UNIX PROGRAMMER'S MANUAL


K. Thompson

D. M. Ritchie


November 3, 1971




INTRODUCTION

This manual gives complete descriptions of all the publicly available features of UNIX. It provides neither a general overview (see The UNIX Time-sharing System for that) nor details of the implementation of the system (which remain to be disclosed).

Within the area it surveys, this manual attempts to be as complete and timely as possible. A conscious decision was made to describe each program in exactly the state it was in at the time its manual section was prepared. In particular, the desire to describe something as it should be, not as it is, was resisted. Inevitably, this means that many sections will soon be out of date. (The rate of change of the system is so great that a dismayingly large number of early sections had to be modified while the rest were being written. The unbounded effort required to stay up-to-date is best indicated by the fact that several of the programs described were written specifically to aid in preparation of this manual.)
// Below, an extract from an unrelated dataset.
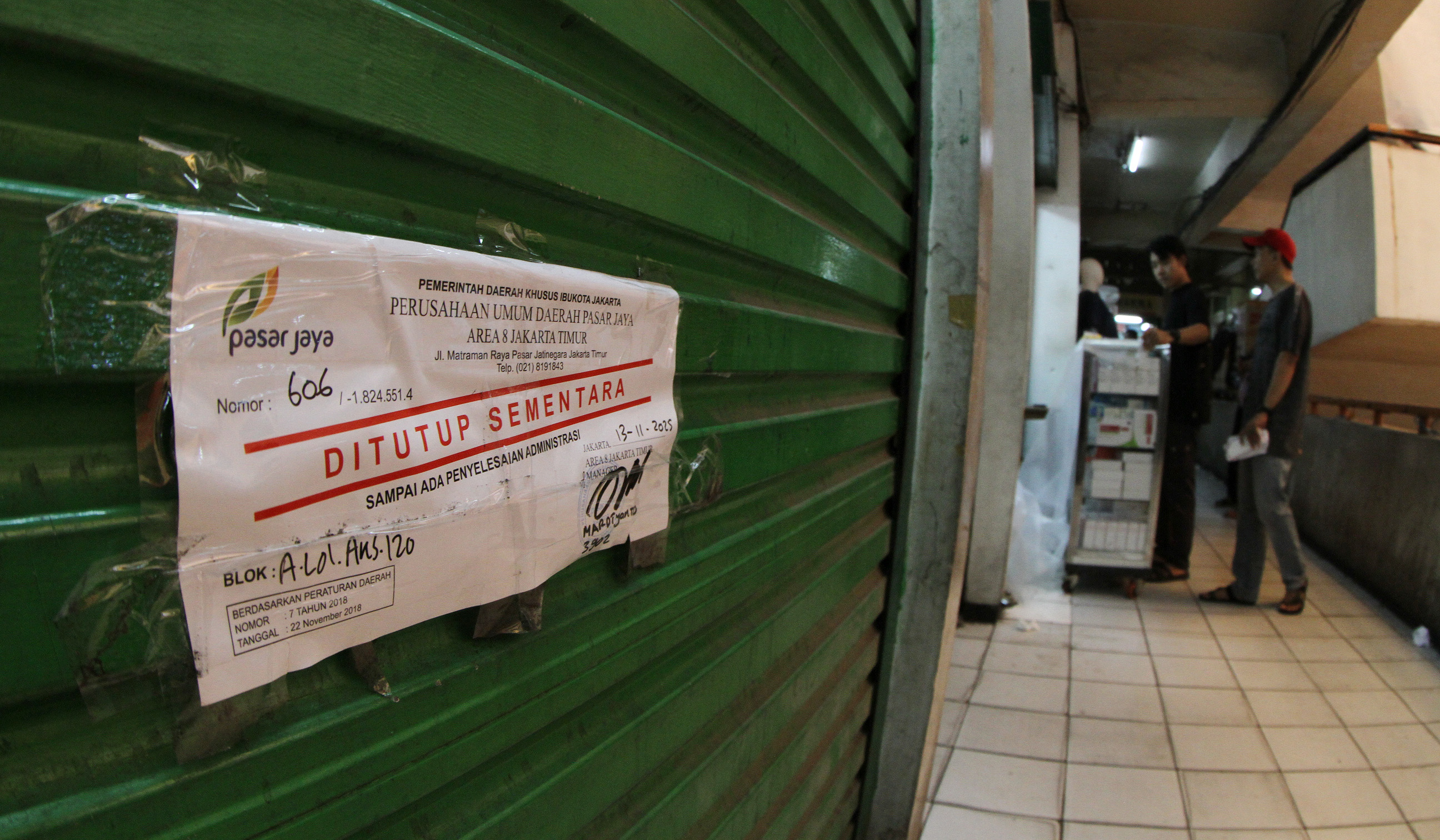 Protes pedagang Pasar Pramuka. (Agus Priatna/SinPo.id)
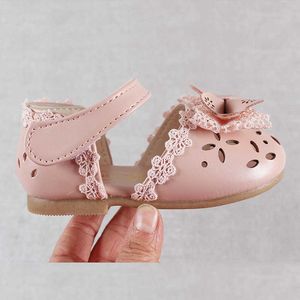 Sandálias sandálias novas crianças sapatos verão moda couro doce crianças meninas bebês respirável oco arcos sandálias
This manual is divided into seven sections:


Commands are programs intended to be invoked directly by the user, in contradistinction to subroutines, which are intended to be called by the user's programs. Commands generally reside in directory bin (for binary programs). This directory is searched automatically by the command line interpreter. Some programs classified as commands are located elsewhere; this fact is indicated in the appropriate sections.

System calls are entries into the UNIX supervisor. In assembly language, they are coded with the use of the opcode sys, a synonym for the trap instruction.

The special files section discusses the characteristics of each system file which actually refers to an I/O device.

The file formats section documents the structure of particular kinds of files; for example, the form of the output of the loader and assembler is given. Excluded are files used by only one command, for example the assembler's intermediate files.

User-maintained programs are not considered part of the UNIX system, and the principal reason for listing them is to indicate their existence without necessarily giving a complete description. The author should be consulted for more information.


The miscellaneous section gathers odds and ends.


Each section consists of a number of independent entries of a page or so each. The name of the entry is in the upper right corner of its pages, its preparation date in the upper left. Entries within each section are alphabetized. It was thought better to avoid page numbers, since it is hoped that the manual will be updated frequently.

All entries have a common format.


At the beginning of this document is a table of contents, organized by section and alphabetically within each section. There is also a permuted index derived from the table of contents. Within each index entry, the title of the writeup to which it refers is followed by the appropriate section number in parentheses. This fact is important because there is considerable name duplication among the sections, arising principally from commands which exist only to exercise a particular system call.


This manual was prepared using the UNIX text editor ed and the formatting program roff.